Their permanent exhibition has some pretty rare early stuff (mostly from
grave-robbings) and their current exhibition is a review of a southern Chinese
painting movement that became part of the international network of the
Nationalist resistance during the 20th century, on loan from Hong Kong.

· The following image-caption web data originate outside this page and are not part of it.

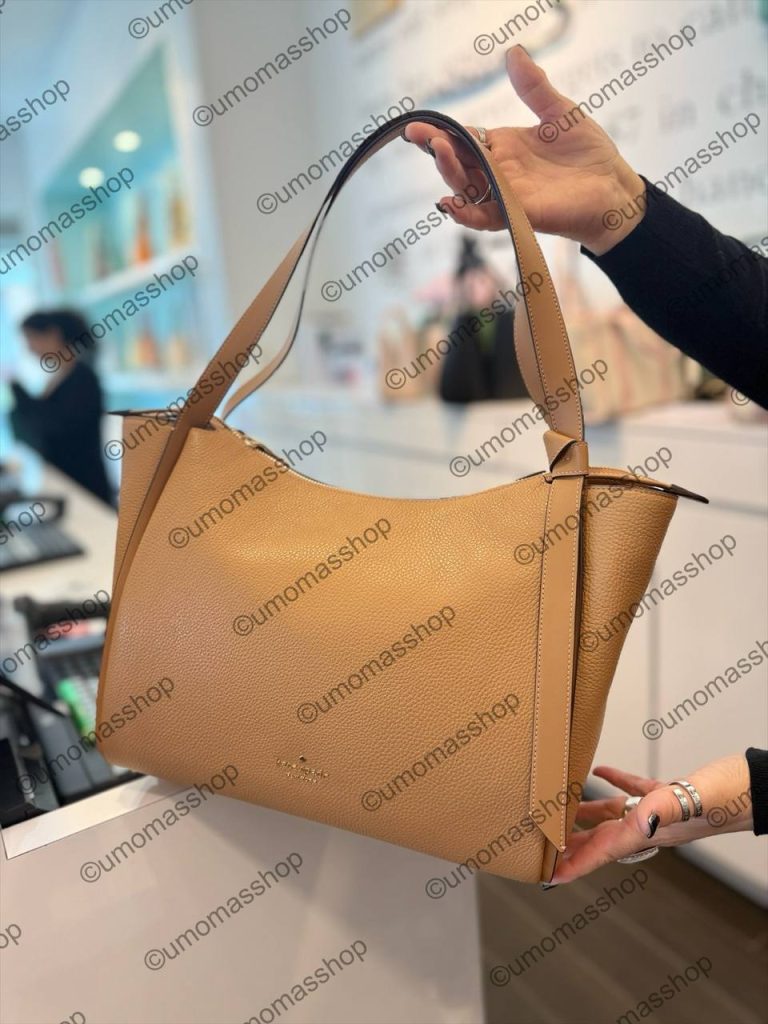 Photo 4947308773580147636 Y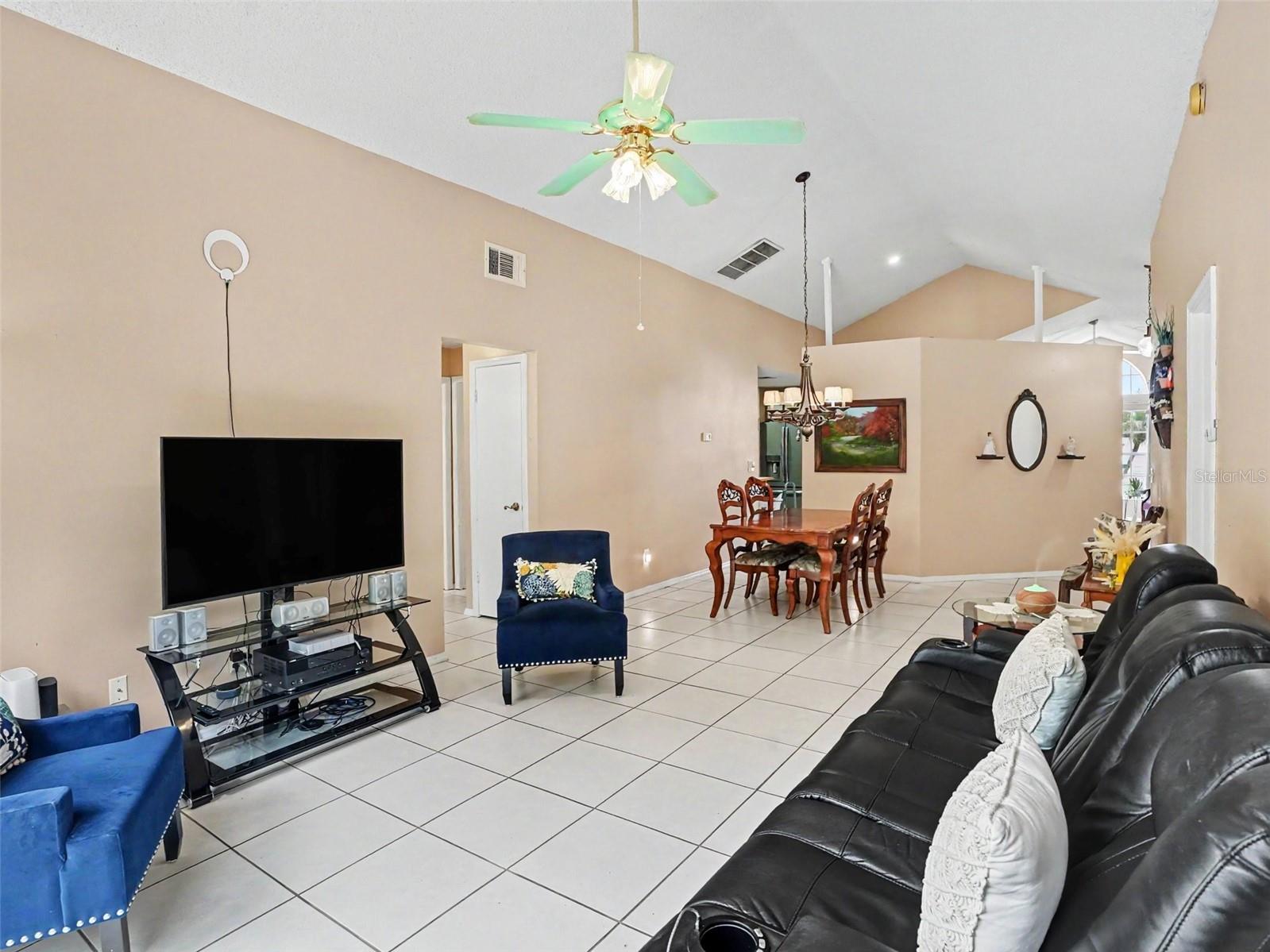 BVL UNIT 10 2ND ADD - Residential
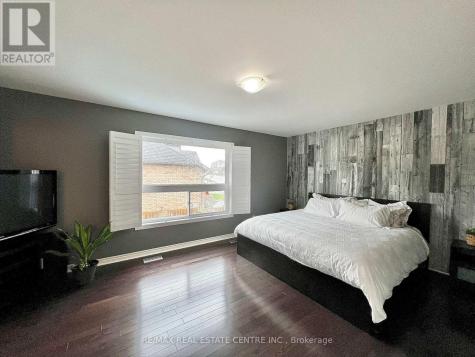 36 Paula Court Orangeville ON L9W 5V1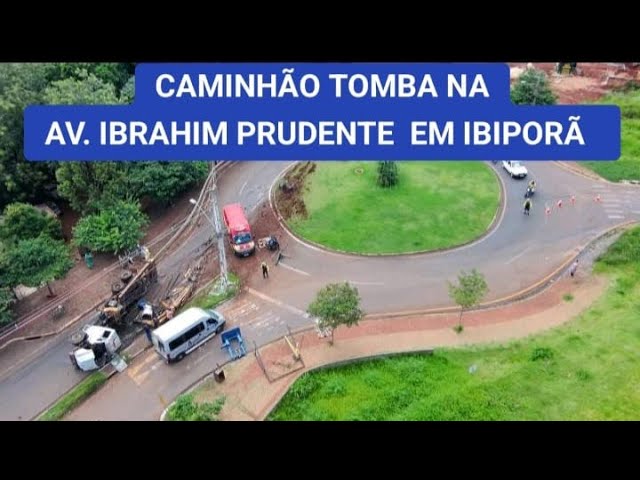 ACIDENTE GRAVE COM CAMINHÃO POR POUCO NÃO TERMINA EM TRAGÉDIA NA ROTATÓRIA DO JARDIM MUNICIPAL EM IBIPORÃ
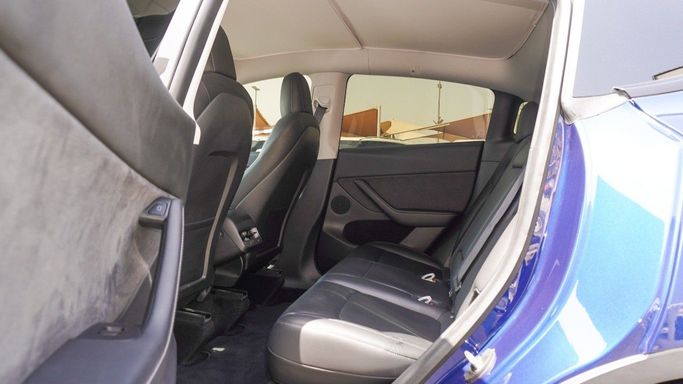 Подержанный Tesla Model Y Long Range I, 2022 в Шардже от Alsaadi Motors Синий цвет. Other | AUTO.AE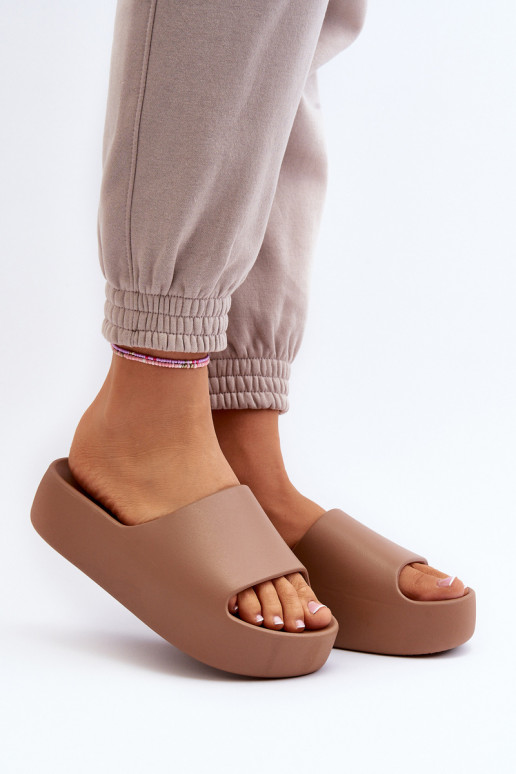  Pantofle s masivní podrážkou hnědá Oreithano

This
is rare stuff to see outside of Taiwan, and probably rare in Hong Kong these
days.

Another sometimes amazing spot is the Institut du Monde Arabe, which had a
brilliant exhibition on the Orient Express train lines last year.
[http://www.imarabe.org/](http://www.imarabe.org/)

For those focused on design, note also the Museum of Applied Arts and Sciences
in Sydney, Australia. [http://maas.museum/powerhouse-
museum](http://maas.museum/powerhouse-museum)

------
mannykannot
I have wanted to visit this museum ever since reading Umberto Eco's
description of it in Foucault's Pendulum.

------
divisaderoguy
Lots more photos in related story at same site:
[http://craftsmanship.net/hidden-wonders-musee-des-arts-et-
me...](http://craftsmanship.net/hidden-wonders-musee-des-arts-et-metiers/)